DIRECTIONS FOR THIS TASK:
Take the lines from the one containing "Close up Indian" through the final line below and restate them exactly. Omit the pictures.

(Image-caption web data)

*** Block opens ***

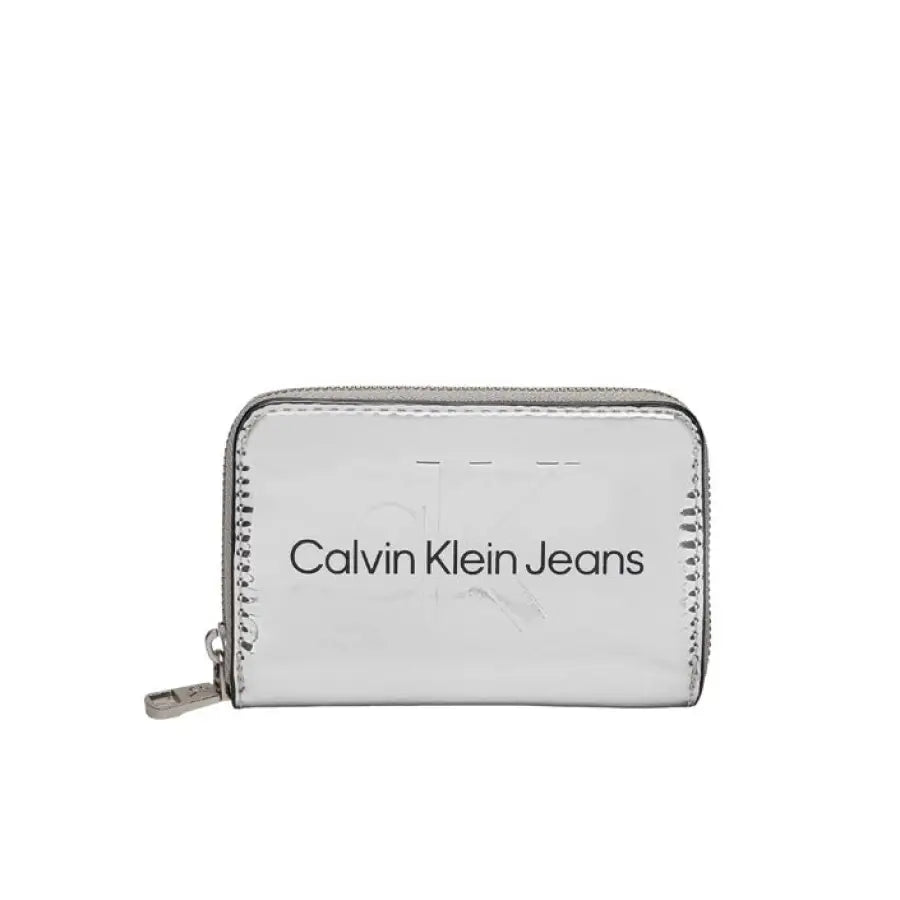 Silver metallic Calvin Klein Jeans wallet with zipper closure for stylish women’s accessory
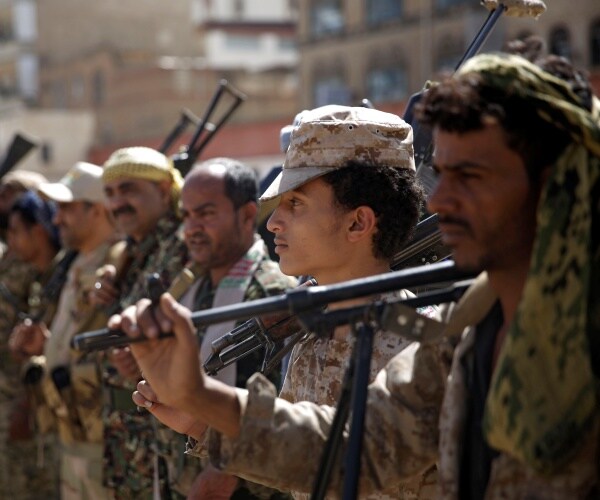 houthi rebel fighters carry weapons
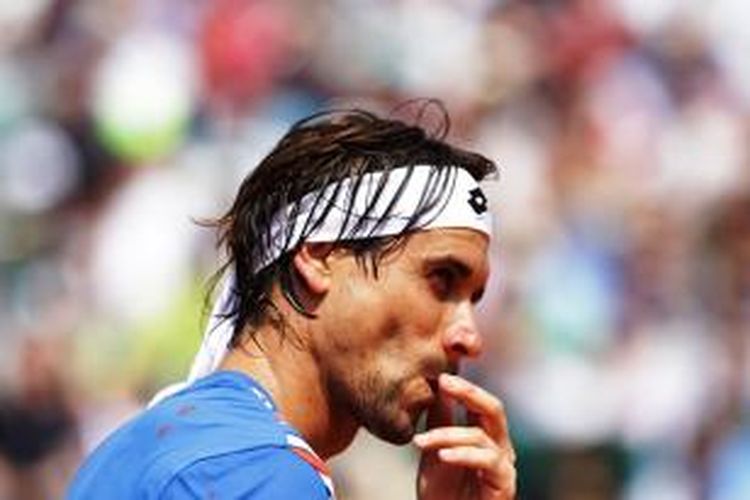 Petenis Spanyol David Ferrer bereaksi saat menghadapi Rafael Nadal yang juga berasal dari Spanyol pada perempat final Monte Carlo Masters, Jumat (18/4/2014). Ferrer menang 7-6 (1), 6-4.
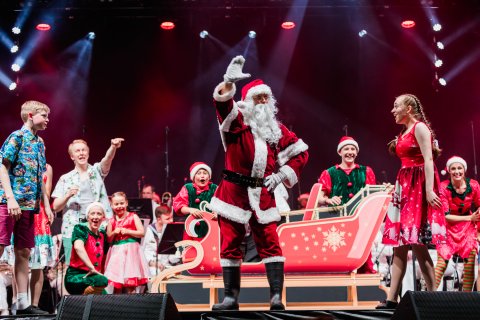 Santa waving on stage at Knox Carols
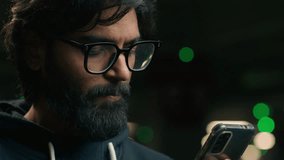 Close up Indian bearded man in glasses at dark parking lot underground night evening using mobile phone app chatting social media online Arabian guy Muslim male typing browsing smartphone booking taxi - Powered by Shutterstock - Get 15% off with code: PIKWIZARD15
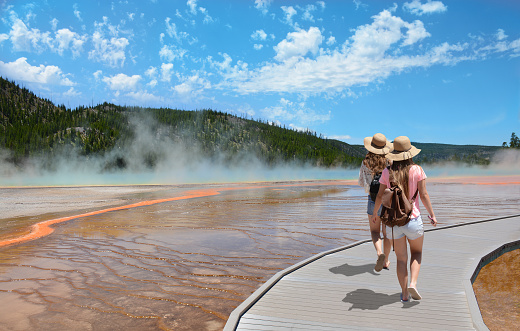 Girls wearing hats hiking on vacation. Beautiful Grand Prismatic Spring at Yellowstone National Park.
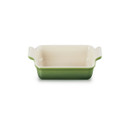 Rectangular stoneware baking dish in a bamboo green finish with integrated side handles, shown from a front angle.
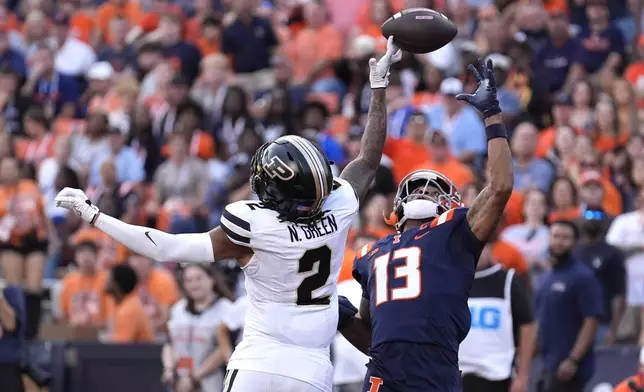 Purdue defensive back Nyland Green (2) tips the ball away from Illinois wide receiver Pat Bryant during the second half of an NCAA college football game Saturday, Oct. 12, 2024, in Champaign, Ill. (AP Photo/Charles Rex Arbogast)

*** Block closes ***

ANSWER TO THE PROBLEM:
 Close up Indian bearded man in glasses at dark parking lot underground night evening using mobile phone app chatting social media online Arabian guy Muslim male typing browsing smartphone booking taxi - Powered by Shutterstock - Get 15% off with code: PIKWIZARD15
 Girls wearing hats hiking on vacation. Beautiful Grand Prismatic Spring at Yellowstone National Park.
 Rectangular stoneware baking dish in a bamboo green finish with integrated side handles, shown from a front angle.
 Purdue defensive back Nyland Green (2) tips the ball away from Illinois wide receiver Pat Bryant during the second half of an NCAA college football game Saturday, Oct. 12, 2024, in Champaign, Ill. (AP Photo/Charles Rex Arbogast)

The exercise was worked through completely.